I’ve always been the type of girl who loves having the physical copy of a book over the online edition. I love everything about real books, ranging from the simplicity for use to the access to the wondrous smell of freshly printed pages. As someone who has taken many AP courses in the past four years, I never had the time or the enthusiasm to grapple with lengthy access codes, website maintenance, and power/wifi outages. Moreover, I do not want to spend my youth hunched over a desktop, straining my eyes to attempt to understand the material before me.

Let’s face it. Forsyth County definitely has adequate funding to at least support the purchase of textbooks for our libraries. Time and time again there is a refusal to allocate our wealth on useful tools for education. In all honesty, taxpayers are unknowingly being cheated as their children won’t gain much information from online textbooks.

Primarily, children have to jump through all sorts of hurdles to even access the online textbook. Time in class is wasted as teachers have to talk their students through all the steps to apply a lengthy access code to a new account that must be created from scratch. In this process, troubleshooting issues with each individual student takes an obnoxiously long amount of time. Sometimes learning platforms and providers for the textbooks don’t even respond about how to resolve these issues.

Say you were one of the lucky few to get passed the initial barriers. Congratulations! Now you have to deal with an interminable amount of issues. Aside from the periodic website maintenance and malfunctions, in order to read this textbook you have to be able to deal with missing sections of the text, incorrect course material, gruesome tools used to annotate and highlight portions of the text. Continually you have to worry about shutdowns due to inclement weather and power outages.

Between these issues, teachers are subject to stress and unnecessary drama. Not all teachers are technological wizards who can make the problems disappear. In one of my former AP courses, the entire class was given faulty passcodes, yet we were expected to keep up with the text. Students repeatedly would file complaints with the teacher, but they were unable to provide adequate support as they had to continue on with the lesson plans regardless of these issues. Students’ grades began to suffer, and when the student body is unhappy, teachers always hear an earful about it.

Furthermore, teachers who already are busied with teaching the course material, grading papers, communicating with their students, and balancing their personal lives are expected to often do excess work to scan and send sections of missing text to each individual student. I have often heard teachers complain of this, and I genuinely feel sorry that they have to go to extensive lengths to provide good study materials for their students.

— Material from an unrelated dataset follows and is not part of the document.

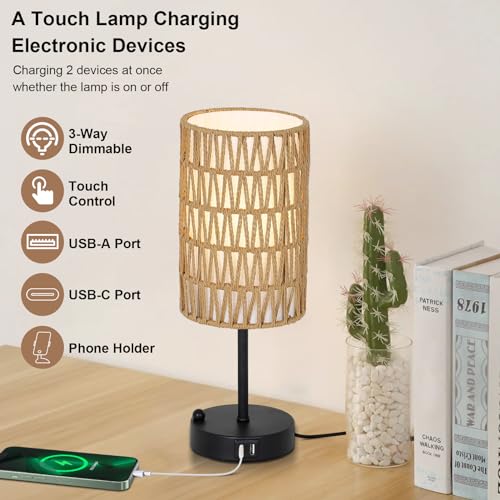Touch Table Lamp For Bedroom with Bulb, Boho Small Desk Lamp For Living Room With Rattan & Linen – detail view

Ultimately, the victim is the reader. Students are prone to experience sleeplessness due to the blue light of screens. The straining of eyes to read course text could also result in long term damage to the eyes. The posture of the student is also impacted as students are forced to sit in one location for long periods of time, restricting any movement. A study done by a team in Norway in 2004 (as reported by WIRED ) found that reading on paper as opposed to reading text via PDF resulted in a greater performance and recollection of those who read on paper. Online novels and textbooks are evidently difficult for our brains to comprehend; however, those who read on paper retain information better through the page flipping action and physical motions involved with reading each page. A lack of comprehension and difficulty to retain information could result in extra  stress, especially when students are expected to meet certain deadlines

Granted online textbooks may be easier to offer students in terms of affordability, but the risk obviously outweighs the benefit. Financing for adequate textbooks is an issue that can be solved with minimal effort required. In-school fundraisers will be most definitely able to provide for vital course materials. Teachers and students alike are both miserable as a result of these textbooks, and the progression of education is hindered amidst the limited time frame of the school year. It’s time we turn the power off, and actually pick up a book.